Data supplied:
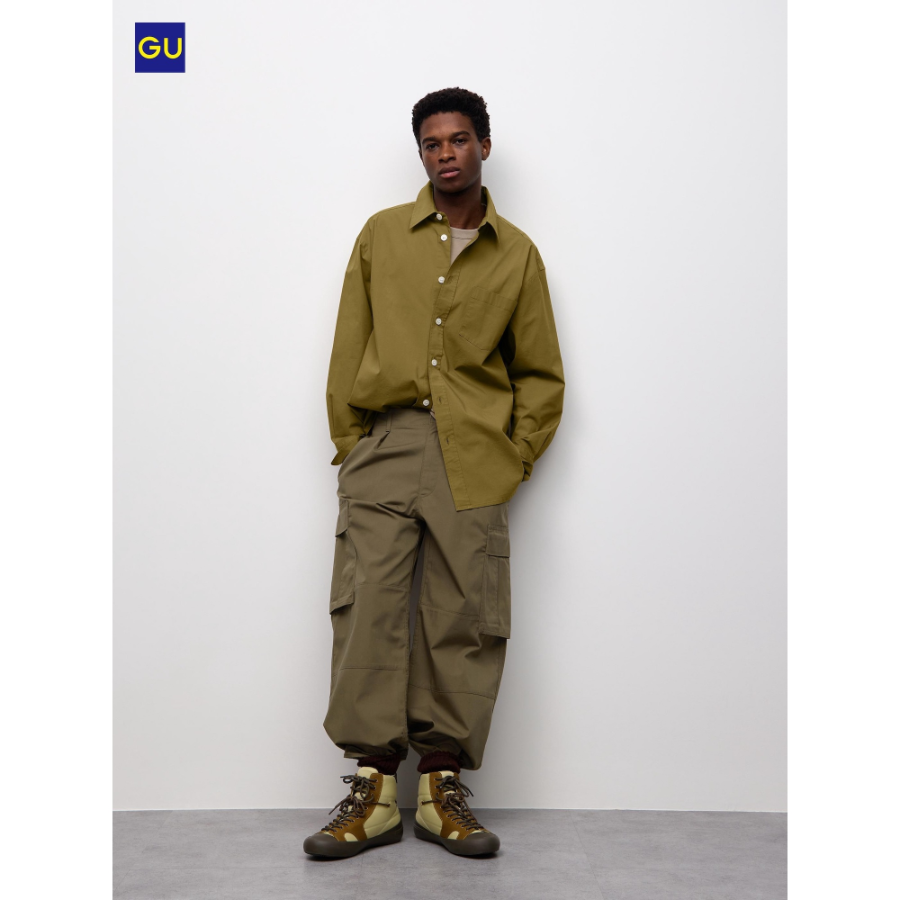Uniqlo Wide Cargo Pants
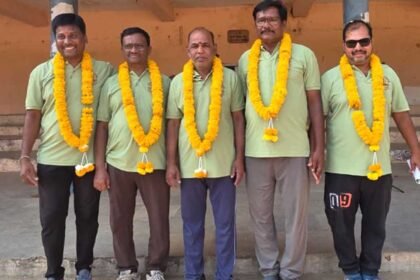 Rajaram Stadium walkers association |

---

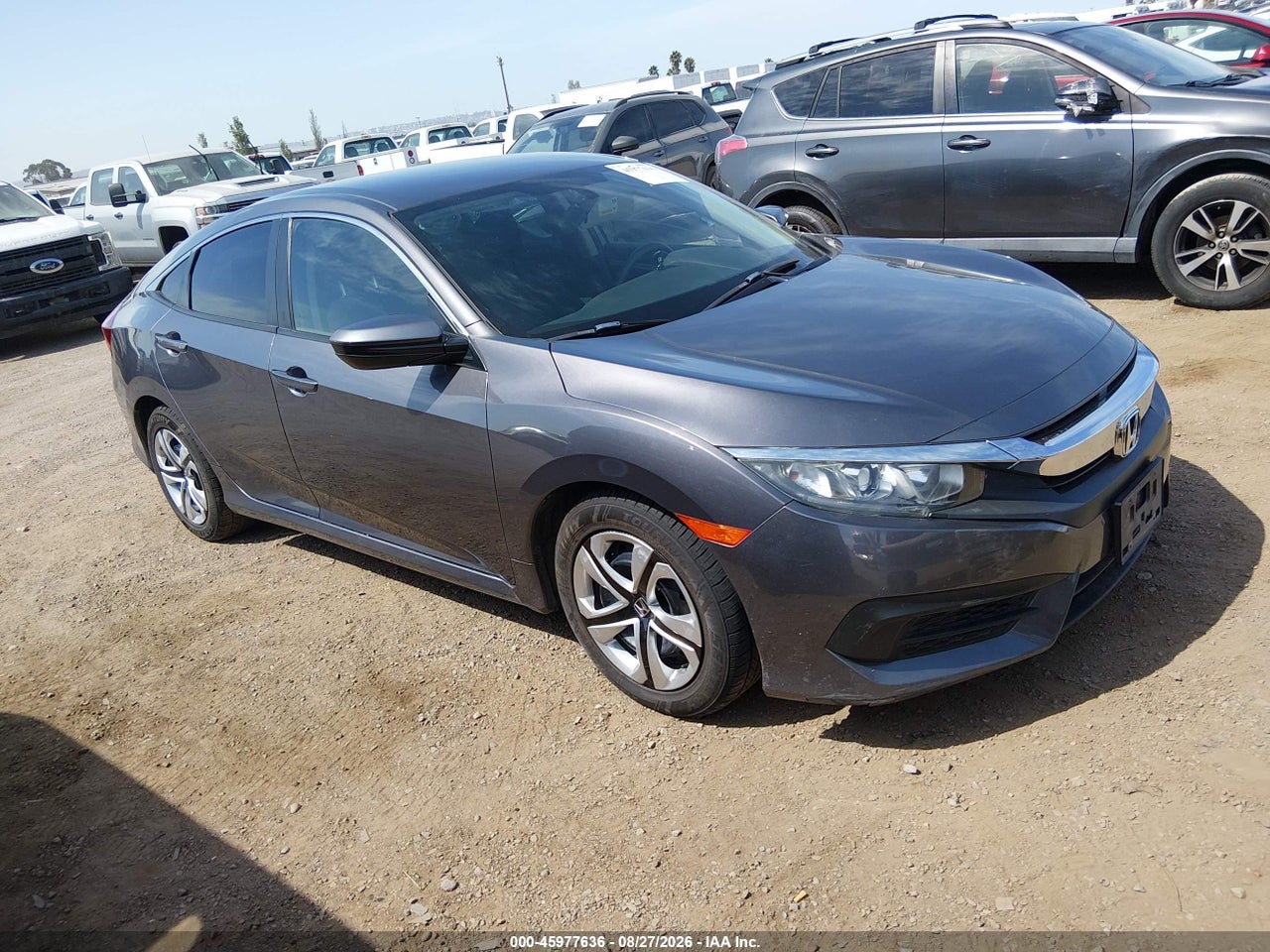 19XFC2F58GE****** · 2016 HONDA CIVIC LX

Problem to work on: In the listing above, find the line containing "Uniqlo Wide Cargo Pants" and the line containing "Rajaram Stadium walkers association |". Reproduce those lines and all between them exactly, with no pictures and nothing more.

Answer below:
Uniqlo Wide Cargo Pants
 Rajaram Stadium walkers association |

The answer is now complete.